The Sutter Women’s and Children’s Hospital project in Sacramento, California, was headed for disaster in the preconstruction phase in 2009. The owner could see that the project was going to be hit with significant cost overruns and terminated the original construction team. SMACNA contractor Air Systems Service and Construction (ASSC) of Sacramento was part of the winning team when the project was rebid under an Integrated Project Delivery model.
ASSC, in a design-assist role, devised a huge 16-foot by 16-foot plenum served by the largest fan-wall system west of the Mississippi, along with engineer of record Capital Engineering. The contractor made good use of the services of SMACNA’s Technical Services Department to design ductwork that would deliver the constant-volume airflow required by the hospital, meet California’s stringent seismic requirements for hospitals and be economical to build.
Sutter Women’s and Children’s Hospital is a 395,241-square-foot building that includes a basement, eight floors of patient rooms and services including PICU, NICU, ICU; labor and delivery; and ante/postpartum, examination and isolation rooms.
The ninth-floor penthouse is a fully built up HVAC mechanical system consisting of 200 fan wall cubes with individual VFDs controlled by a central panel moving over 500,000 CFM. The plenum is pressurized to 6-inches of static pressure.
“The fan wall modulates as a whole to maintain designed static pressure in the system,” says Jim Meurer, executive vice president at ASSC. “As this is an acute care facility, the terminal units are CAV versus VAV. One of the benefits of the fan wall is its inherent redundancy. If a fan cube fails or needs repair, the rest of the fan cubes will ramp up to maintain system static.”
Heating and cooling are generated at, and supplied from, a separate central plant. The penthouse cooling section is composed of 24 129-inch by 51-inch chilled-water cooling coils that totaled 2,640 GPM. The campus central plant also supplies space heat and domestic hot water from two steam exchanger systems.
“The ninth floor of the building is dedicated primarily for a built-up mechanical penthouse air handler,” says Meurer. “It is a conventional system, but is on a massive scale. This single penthouse system effectively serves the entire building.”
So why create a plenum large enough to drive a truck through? It’s because of the laws of physics, says Mark Terzigni, SMACNA’s director, engineering and technical resources.

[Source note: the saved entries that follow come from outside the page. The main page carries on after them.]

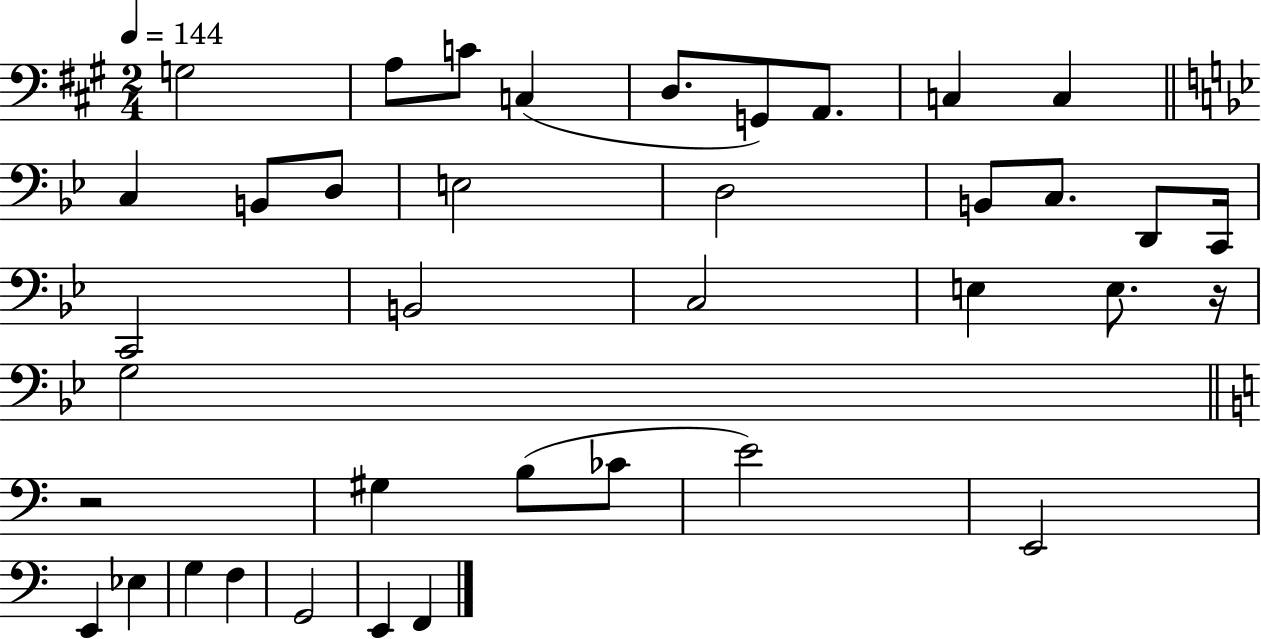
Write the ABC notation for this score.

X:1
T:Untitled
M:2/4
L:1/4
K:A
G,2 A,/2 C/2 C, D,/2 G,,/2 A,,/2 C, C, C, B,,/2 D,/2 E,2 D,2 B,,/2 C,/2 D,,/2 C,,/4 C,,2 B,,2 C,2 E, E,/2 z/4 G,2 z2 ^G, B,/2 _C/2 E2 E,,2 E,, _E, G, F, G,,2 E,, F,,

“The laws of physics require a certain amount of air at a certain temperature to heat or cool a space,” Terzigni explains. “Years ago, when first cost was the deciding factor, ductwork was smaller and air had to be delivered at higher pressures, which resulted in higher energy use. Now that life cycle costs trump first costs, ductwork is larger which allows fan horsepower to be lower.”
When he teaches a class, Terzigni points out that CFM equals velocity multiplied by the cross sectional area. As the cross sectional area gets bigger, energy costs get smaller because the fan horsepower goes down to deliver the same CFM.
The contractor and SMACNA’s Technical Services Department relied on both the HVAC Duct Construction Standards and the Rectangular Industrial Duct Construction Standards manuals to design the 16-foot by 16-foot plenum. The industrial manual is a design guide that allows the contractor to work out solutions for various conditions and specifications, based primarily on engineering theory that has been validated by actual construction projects.
Typically, ductwork comes off a coil line in sections, is joined together, and then it’s reinforced. The Sutter Hospital project reversed this sequence in order to meet static pressure and seismic bracing requirements. The contractor built the reinforcement first, an exoskeleton that was supported every 8-feet on center with 4-inch welded tube steel frames.
“Given the seismic criteria we were facing,” Meurer explains, “we came up with the concept of ‘bridging’ between the seismic support frames with additional 4-inch tube steel horizontal members, as well as adding 2-inch by 4-inch tube steel ribs.”
“This created the complete exoskeleton frame, which then allowed us to simply skin the interior with TDC plenum panels. The TDC plenum panels were joined with conventional duct flange gasketing, and sealed with high-pressure duct sealant. Once the system was completed, it was externally insulated,” he says.